There are 100+ million computers in the world. Even smaller organizations have easily 100+ machines; 10,000+ are typical for medium-sized organizations like a university or a bank. Current network technology is so ubiqitious and so powerful that we increasingly use these crowds of computers as one "technical being" instead of thinking of them as single machines. Consequently, we try to support distributed applications, not only by moving data around but also by remote execution of downloaded/uploaded code (applets, servlets) and even dynamically migrating active objects, i.e., curently executing programs (agents, load distribution).

Unfortunately, not all of these 100+ million machines are compatible with each other. Currently, in the workstation/PC/NC segment, we see about 7 different hardware architectures: x86, PowerPC, Alpha, Mips, Sparc, PA-Risc, 68K. Some architectures are likely to disappear over time, e.g. 68K; however, new ones will show up (perhaps Intel's IA-64). Heterogeneity will probably remain a problem over the next decade.

More or less compatible OS APIs and tools, in particular compilers, help to move a source program from an *x*-machine to a *y*-machine. Moving a compiled program is harder; moving a currently executing program (migrating) between *x* and *y* is the hardest.

One approach to move compiled programs between architectures is based on architecture-independent intermediate representations for compiled programs, e.g. Java bytecodes [10] or slim binaries [6]. However, it does not seem likely that in

the near future all compilers will use a single intermediate language. (The language community has dreamed about the UNCOL (unitary compiler language) approach for nearly 40 years [15]. The UNCOL idea is to have a single language-independent code generation interface and thus architecture-independent compilers.) So the mentioned approach is restricted to certain programming languages and does not (yet?) give us general mobility for compiled programs.
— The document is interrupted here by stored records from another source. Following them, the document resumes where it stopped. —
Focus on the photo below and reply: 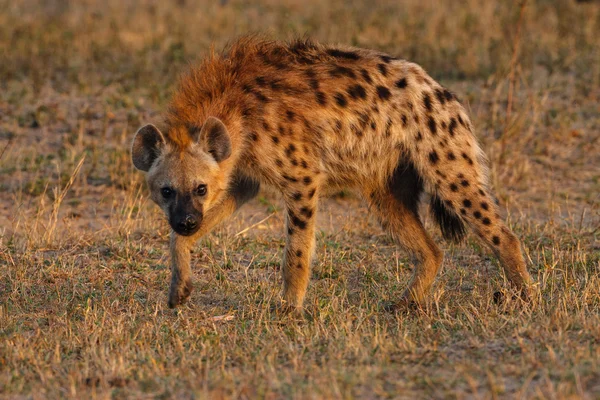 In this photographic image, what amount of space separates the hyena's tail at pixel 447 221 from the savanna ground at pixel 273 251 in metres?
0.26

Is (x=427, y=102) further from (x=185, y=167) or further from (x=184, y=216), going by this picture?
(x=184, y=216)

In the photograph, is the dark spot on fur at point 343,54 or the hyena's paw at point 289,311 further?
the dark spot on fur at point 343,54

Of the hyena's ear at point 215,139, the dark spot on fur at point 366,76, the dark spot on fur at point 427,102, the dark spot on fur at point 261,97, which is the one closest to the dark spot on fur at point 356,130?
the dark spot on fur at point 366,76

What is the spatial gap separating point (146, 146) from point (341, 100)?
1.00 metres

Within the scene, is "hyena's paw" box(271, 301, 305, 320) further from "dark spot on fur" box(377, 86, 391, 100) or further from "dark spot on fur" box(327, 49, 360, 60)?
"dark spot on fur" box(327, 49, 360, 60)

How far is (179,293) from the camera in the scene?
4910 mm

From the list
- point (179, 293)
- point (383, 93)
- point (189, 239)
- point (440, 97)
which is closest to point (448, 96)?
point (440, 97)

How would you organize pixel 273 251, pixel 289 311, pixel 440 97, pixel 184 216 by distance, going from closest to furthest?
1. pixel 184 216
2. pixel 289 311
3. pixel 440 97
4. pixel 273 251

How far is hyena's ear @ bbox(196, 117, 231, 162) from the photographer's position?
471 centimetres

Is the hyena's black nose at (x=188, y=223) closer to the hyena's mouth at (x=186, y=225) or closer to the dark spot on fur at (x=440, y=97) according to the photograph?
the hyena's mouth at (x=186, y=225)

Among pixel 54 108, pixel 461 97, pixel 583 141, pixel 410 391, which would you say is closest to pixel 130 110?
pixel 54 108

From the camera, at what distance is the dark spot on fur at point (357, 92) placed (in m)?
5.12

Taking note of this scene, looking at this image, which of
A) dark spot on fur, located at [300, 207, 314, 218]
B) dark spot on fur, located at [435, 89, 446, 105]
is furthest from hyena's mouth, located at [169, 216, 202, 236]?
dark spot on fur, located at [435, 89, 446, 105]

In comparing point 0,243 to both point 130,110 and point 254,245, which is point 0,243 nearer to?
point 254,245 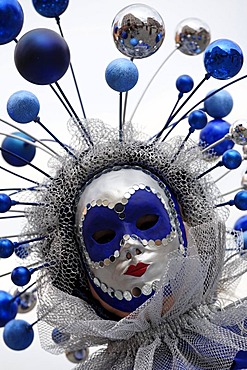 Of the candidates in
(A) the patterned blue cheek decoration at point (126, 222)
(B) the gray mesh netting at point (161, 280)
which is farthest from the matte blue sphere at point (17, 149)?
(A) the patterned blue cheek decoration at point (126, 222)

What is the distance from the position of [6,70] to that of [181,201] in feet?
1.75

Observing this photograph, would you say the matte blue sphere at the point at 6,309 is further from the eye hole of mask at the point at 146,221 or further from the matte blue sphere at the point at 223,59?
the matte blue sphere at the point at 223,59

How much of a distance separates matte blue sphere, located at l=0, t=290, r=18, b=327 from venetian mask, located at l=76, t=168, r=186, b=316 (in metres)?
0.14

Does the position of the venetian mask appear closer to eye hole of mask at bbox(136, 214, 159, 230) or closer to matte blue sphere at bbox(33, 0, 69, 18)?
eye hole of mask at bbox(136, 214, 159, 230)

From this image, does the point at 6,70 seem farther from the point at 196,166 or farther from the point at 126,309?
the point at 126,309

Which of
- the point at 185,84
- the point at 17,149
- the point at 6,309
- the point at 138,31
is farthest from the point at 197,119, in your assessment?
the point at 6,309

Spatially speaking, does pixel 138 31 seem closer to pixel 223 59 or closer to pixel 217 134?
pixel 223 59

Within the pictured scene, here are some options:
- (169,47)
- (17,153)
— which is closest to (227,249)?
(17,153)

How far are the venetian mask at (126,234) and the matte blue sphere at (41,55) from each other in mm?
207

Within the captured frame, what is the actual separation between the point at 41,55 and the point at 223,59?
0.27 metres

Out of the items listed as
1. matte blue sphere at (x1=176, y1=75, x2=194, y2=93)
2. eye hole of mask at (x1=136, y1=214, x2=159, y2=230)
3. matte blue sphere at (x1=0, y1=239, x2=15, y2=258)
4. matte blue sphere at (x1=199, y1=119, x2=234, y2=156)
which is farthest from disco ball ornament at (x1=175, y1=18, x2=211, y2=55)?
matte blue sphere at (x1=0, y1=239, x2=15, y2=258)

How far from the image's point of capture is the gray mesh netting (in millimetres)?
1073

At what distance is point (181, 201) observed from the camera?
1233mm

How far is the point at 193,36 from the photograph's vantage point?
48.1 inches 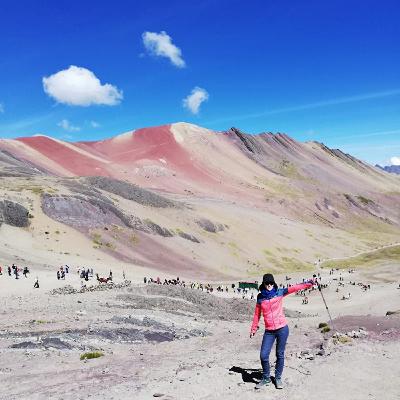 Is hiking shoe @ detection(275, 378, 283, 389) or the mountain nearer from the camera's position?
hiking shoe @ detection(275, 378, 283, 389)

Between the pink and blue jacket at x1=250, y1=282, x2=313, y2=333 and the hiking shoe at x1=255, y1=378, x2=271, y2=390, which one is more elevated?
the pink and blue jacket at x1=250, y1=282, x2=313, y2=333

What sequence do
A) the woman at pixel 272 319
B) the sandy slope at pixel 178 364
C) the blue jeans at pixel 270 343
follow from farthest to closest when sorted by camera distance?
the sandy slope at pixel 178 364, the blue jeans at pixel 270 343, the woman at pixel 272 319

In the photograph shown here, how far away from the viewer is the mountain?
79875 millimetres

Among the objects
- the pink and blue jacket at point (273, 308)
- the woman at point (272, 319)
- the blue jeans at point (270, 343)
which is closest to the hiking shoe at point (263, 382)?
the woman at point (272, 319)

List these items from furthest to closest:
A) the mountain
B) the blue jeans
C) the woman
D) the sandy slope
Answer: the mountain → the sandy slope → the blue jeans → the woman

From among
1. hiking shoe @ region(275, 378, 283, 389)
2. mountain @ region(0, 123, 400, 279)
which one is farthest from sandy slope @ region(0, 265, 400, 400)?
mountain @ region(0, 123, 400, 279)

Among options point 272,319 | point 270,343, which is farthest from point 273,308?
point 270,343

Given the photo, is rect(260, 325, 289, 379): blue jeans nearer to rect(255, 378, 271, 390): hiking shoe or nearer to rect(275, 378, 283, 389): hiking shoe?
rect(255, 378, 271, 390): hiking shoe

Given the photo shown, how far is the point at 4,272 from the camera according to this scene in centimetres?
5166

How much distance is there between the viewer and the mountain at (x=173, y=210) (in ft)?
262

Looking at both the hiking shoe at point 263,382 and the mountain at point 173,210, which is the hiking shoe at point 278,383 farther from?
the mountain at point 173,210

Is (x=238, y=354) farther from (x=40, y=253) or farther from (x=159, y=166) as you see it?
(x=159, y=166)

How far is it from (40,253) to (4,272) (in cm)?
1533

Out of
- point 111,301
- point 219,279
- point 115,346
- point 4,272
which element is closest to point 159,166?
point 219,279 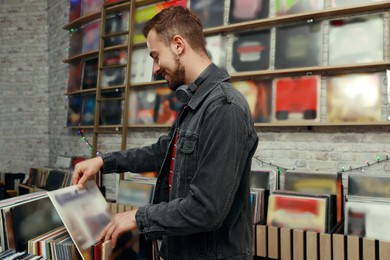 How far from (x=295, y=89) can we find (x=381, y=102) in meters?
0.63

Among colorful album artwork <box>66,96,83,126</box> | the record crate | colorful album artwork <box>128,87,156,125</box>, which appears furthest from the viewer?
colorful album artwork <box>66,96,83,126</box>

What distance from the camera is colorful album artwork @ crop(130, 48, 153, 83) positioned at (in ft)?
12.4

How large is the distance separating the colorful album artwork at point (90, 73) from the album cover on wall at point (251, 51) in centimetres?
190

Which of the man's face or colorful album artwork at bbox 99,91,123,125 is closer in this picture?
the man's face

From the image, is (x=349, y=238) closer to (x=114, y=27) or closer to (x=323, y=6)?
(x=323, y=6)

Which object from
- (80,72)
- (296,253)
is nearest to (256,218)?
(296,253)

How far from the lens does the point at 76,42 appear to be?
4.61 meters

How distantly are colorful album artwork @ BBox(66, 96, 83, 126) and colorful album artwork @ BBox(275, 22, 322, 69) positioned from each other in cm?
262

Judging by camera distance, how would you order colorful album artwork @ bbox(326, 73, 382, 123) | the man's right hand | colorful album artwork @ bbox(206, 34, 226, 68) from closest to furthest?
the man's right hand < colorful album artwork @ bbox(326, 73, 382, 123) < colorful album artwork @ bbox(206, 34, 226, 68)

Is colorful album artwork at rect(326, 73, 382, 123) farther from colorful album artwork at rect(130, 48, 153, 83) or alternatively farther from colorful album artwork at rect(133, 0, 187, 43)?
colorful album artwork at rect(133, 0, 187, 43)

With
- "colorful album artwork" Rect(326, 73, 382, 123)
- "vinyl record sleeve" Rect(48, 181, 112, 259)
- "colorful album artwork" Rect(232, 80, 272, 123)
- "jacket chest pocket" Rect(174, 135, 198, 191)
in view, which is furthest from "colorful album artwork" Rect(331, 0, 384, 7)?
"vinyl record sleeve" Rect(48, 181, 112, 259)

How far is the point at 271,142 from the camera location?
299cm

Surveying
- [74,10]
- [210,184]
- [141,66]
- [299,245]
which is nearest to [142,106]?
[141,66]

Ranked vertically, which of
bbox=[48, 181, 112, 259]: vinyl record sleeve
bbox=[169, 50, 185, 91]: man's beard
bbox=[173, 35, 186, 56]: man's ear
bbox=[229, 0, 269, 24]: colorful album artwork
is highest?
bbox=[229, 0, 269, 24]: colorful album artwork
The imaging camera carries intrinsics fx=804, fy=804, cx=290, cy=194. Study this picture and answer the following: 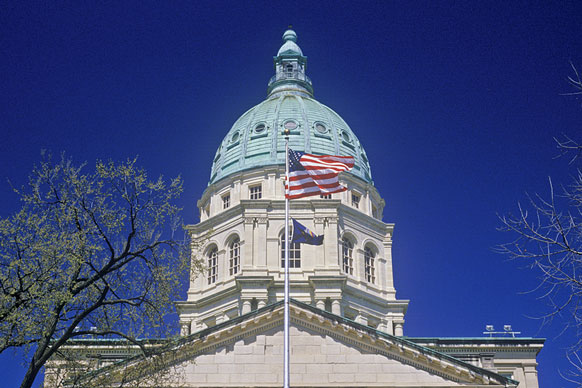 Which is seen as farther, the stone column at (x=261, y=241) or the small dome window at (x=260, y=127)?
the small dome window at (x=260, y=127)

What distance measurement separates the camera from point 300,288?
2244 inches

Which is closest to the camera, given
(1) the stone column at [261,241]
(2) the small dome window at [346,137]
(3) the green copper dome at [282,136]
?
(1) the stone column at [261,241]

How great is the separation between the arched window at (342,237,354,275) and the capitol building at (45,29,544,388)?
0.31ft

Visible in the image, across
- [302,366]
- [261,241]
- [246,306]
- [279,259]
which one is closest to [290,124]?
[261,241]

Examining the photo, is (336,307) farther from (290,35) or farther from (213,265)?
(290,35)

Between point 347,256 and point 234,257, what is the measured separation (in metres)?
8.47

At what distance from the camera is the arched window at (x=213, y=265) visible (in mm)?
60906

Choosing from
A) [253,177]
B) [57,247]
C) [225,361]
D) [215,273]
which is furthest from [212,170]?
[57,247]

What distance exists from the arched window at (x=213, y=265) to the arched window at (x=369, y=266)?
37.3 ft

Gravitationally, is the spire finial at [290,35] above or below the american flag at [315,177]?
above

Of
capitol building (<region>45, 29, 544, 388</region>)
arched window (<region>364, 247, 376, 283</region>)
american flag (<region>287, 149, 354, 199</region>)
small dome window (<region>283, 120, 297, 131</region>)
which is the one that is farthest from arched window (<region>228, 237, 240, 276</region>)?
american flag (<region>287, 149, 354, 199</region>)

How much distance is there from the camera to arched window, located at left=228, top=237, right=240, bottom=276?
59.6 m

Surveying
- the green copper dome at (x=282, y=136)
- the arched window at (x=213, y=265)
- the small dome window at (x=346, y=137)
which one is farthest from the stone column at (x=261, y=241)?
the small dome window at (x=346, y=137)

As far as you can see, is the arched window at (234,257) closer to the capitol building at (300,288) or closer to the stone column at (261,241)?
the capitol building at (300,288) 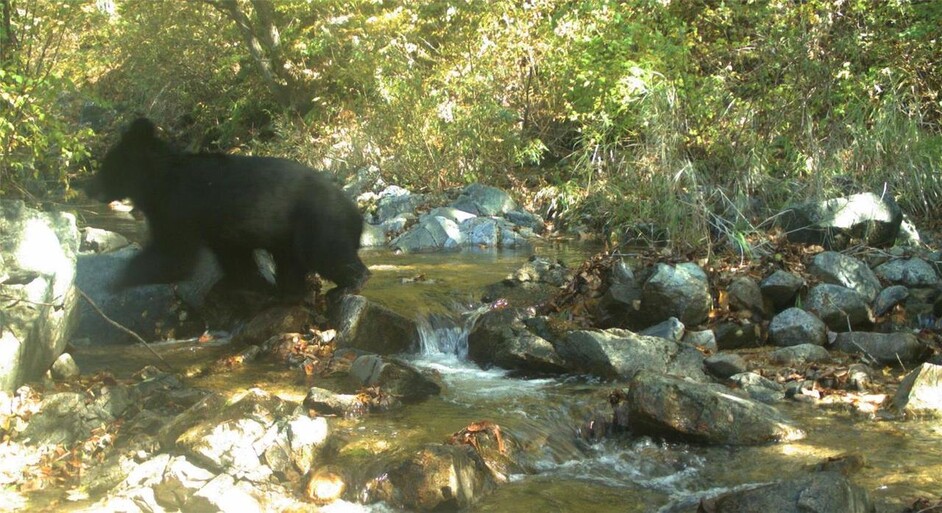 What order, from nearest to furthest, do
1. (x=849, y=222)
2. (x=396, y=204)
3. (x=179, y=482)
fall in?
(x=179, y=482), (x=849, y=222), (x=396, y=204)

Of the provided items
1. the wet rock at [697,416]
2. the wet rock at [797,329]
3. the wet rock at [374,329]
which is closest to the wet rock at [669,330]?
the wet rock at [797,329]

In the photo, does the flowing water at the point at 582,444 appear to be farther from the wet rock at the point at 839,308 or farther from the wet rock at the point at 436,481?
the wet rock at the point at 839,308

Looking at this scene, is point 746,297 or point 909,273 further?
point 909,273

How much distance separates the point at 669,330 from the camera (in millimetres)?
7258

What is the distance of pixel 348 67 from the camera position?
18.7m

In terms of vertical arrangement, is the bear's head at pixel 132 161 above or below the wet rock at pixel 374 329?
above

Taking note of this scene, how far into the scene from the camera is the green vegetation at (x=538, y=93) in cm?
926

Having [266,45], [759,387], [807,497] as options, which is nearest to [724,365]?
[759,387]

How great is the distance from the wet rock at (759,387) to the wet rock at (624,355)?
0.27 metres

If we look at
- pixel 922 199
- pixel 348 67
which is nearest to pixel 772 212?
pixel 922 199

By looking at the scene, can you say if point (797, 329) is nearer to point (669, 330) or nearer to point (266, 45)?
point (669, 330)

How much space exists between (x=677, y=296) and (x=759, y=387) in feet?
4.78

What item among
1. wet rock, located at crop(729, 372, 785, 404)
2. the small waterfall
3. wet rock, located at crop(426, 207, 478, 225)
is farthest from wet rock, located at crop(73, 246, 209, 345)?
wet rock, located at crop(426, 207, 478, 225)

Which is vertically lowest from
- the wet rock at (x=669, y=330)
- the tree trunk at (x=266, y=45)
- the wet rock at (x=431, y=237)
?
the wet rock at (x=669, y=330) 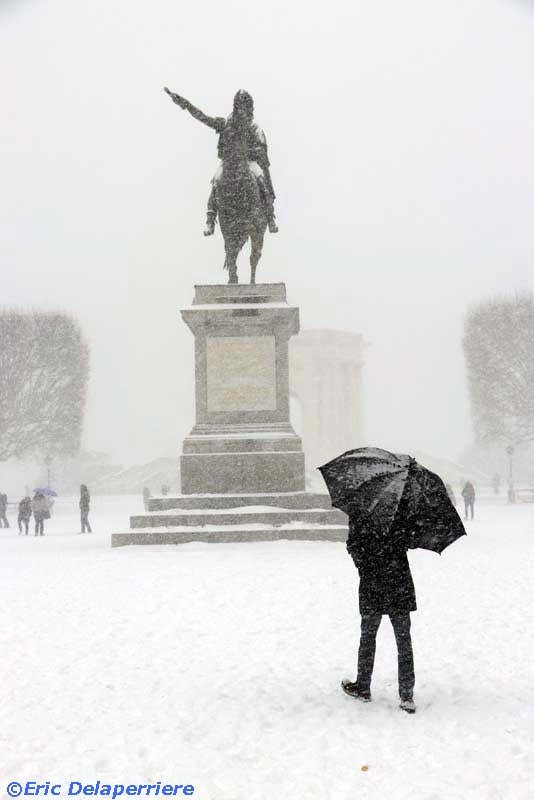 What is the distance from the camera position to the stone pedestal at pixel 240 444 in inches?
531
To solve the inter-architecture mobility problem for portable agents and for load distribution, we must be able to migrate a currently executing program with all its data, including temporary stack and heap data. A first approach to this problem is the ubiquitous interpreter. For example, the Aglets system [9] uses a JVM; Ara [11] uses Tcl. A second approach [14] is based on generating special (native) code that permits migration at certain synchronization points ("bus stops") (Per architecture, a native-code version was generated when the source was compiled.). Similar to the techniques mentioned in the previous paragraph, both solutions suffer from the fact that they are specific to a single language.

## 2 The Vision

We envision a ubiquitous virtual hardware architecture that is available on any real hardware architecture.

• Freedom of Movement.

When a module or program P is con-

When a module or program *P* is compiled for the *x*-architecture, the binary should execute

also on every other architecture. There should be no need for the source or an intermediate representation of P.

#### • Instant Migration.

When a program *P* executes on one machine, it should be possible to migrate it to another machine *at any point during its execution* and to any other hardware architecture.

#### • Free Lunch.

And, of course, performance should not be compromised: Any architecture-dependent and -independent optimization should be applicable to the program *P* on the original hardware architecture *x* without that *P* loses its mobility. Although one cannot expect comparable effects of *x*-dependent optimizations when running on the architecture *y*, *P*'s performance should nevertheless be reasonably good on *y*.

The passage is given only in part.